# field shoots in MD



## Ode1891 (Aug 30, 2006)

When does the field shoot season begin in our area? I looked at the MAA site and the schedule is all indoor through the end of MArch.

Thanks


----------



## IGluIt4U (Sep 22, 2004)

Usually first week in April at my club, TPA... :thumb: Won't be lonnnnng... :tongue:


----------



## mdbowhunter (Oct 22, 2002)

Yep, what Sticky said. 

The new schedule will be available when the 2008 MAA Guides are complete. They are usually distributed around the weekend of the MAA State Indoor Championship.


----------



## Brown Hornet (Aug 8, 2002)

Yep what they said....MD is a GREAT state for field. There is a shoot within an hour of you every weekend sometimes more then one on both Sat and Sun.


----------



## ultratec00 (Aug 1, 2003)

If you're looking just to shoot, lots to chose from. If you're looking for a shoot that actually has more than 10 people show up, do a little research before driving any great distance.
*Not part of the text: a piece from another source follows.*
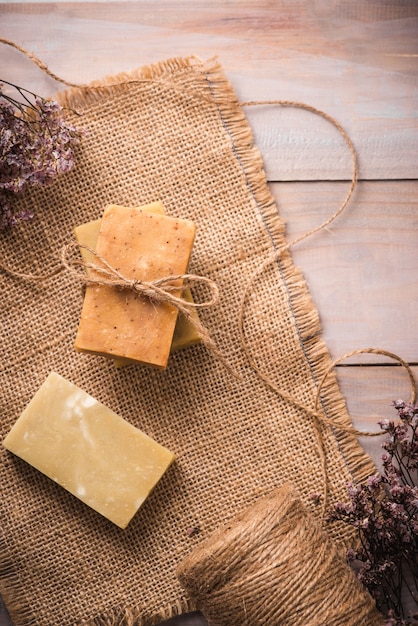 Sapone naturale con fiori secchi su fondo in legno.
Some shoots/clubs tend to get more participation than others.


----------



## WV Has Been (Aug 9, 2002)

ultratec00 said:


> If you're looking for a shoot that actually has more than 10 people show up, do a little research before driving any great distance.


The HillBilly Shoot in Cumberland MD July 5th and 6th is Marylands biggest field shoot.

The Corn Shoot and Firecracker 560 held by Tuscurora Archers in Fredrick MD draws a decent crowd.

Have not made the big shoots in the Baltimore area for several years so I do not know how attendance is doing at those shoots.


----------



## IGluIt4U (Sep 22, 2004)

WV Has Been said:


> The HillBilly Shoot in Cumberland MD July 5th and 6th is Marylands biggest field shoot.
> 
> The Corn Shoot and Firecracker 560 held by Tuscurora Archers in Fredrick MD draws a decent crowd.
> 
> Have not made the big shoots in the Baltimore area for several years so I do not know how attendance is doing at those shoots.


I'll second at least two of the above three, from personal experience.. (missed the firecracker last year) :thumb: Great participation and a lot of AT'rs to boot... or to beat.. as it were....  :cheers:

Both the Cumberland course and the Tuscarora courses are awesome.. :thumb:


----------



## Brown Hornet (Aug 8, 2002)

WV Has Been said:


> The HillBilly Shoot in Cumberland MD July 5th and 6th is Marylands biggest field shoot.
> 
> The Corn Shoot and Firecracker 560 held by Tuscurora Archers in Fredrick MD draws a decent crowd.
> 
> Have not made the big shoots in the Baltimore area for several years so I do not know how attendance is doing at those shoots.


I haven't shot the Firecracker but may make it this year....

but the HillBilly shoot is a blast and a great turnout.

I shot rounds at Southern Md (more then a handful of people, the only groups that didn't have 3-4 people in were mine and Ninos because we got there late), Anne Arundel (same as above) and at Mohicans anniversary shoot. That also had a good turnout. It was a shotgun start and there was a FULL group on at least half of the targets at the start. The Gold Cup at Eutaw Forrest is also a very good shoot to hit. Great turn out there as well.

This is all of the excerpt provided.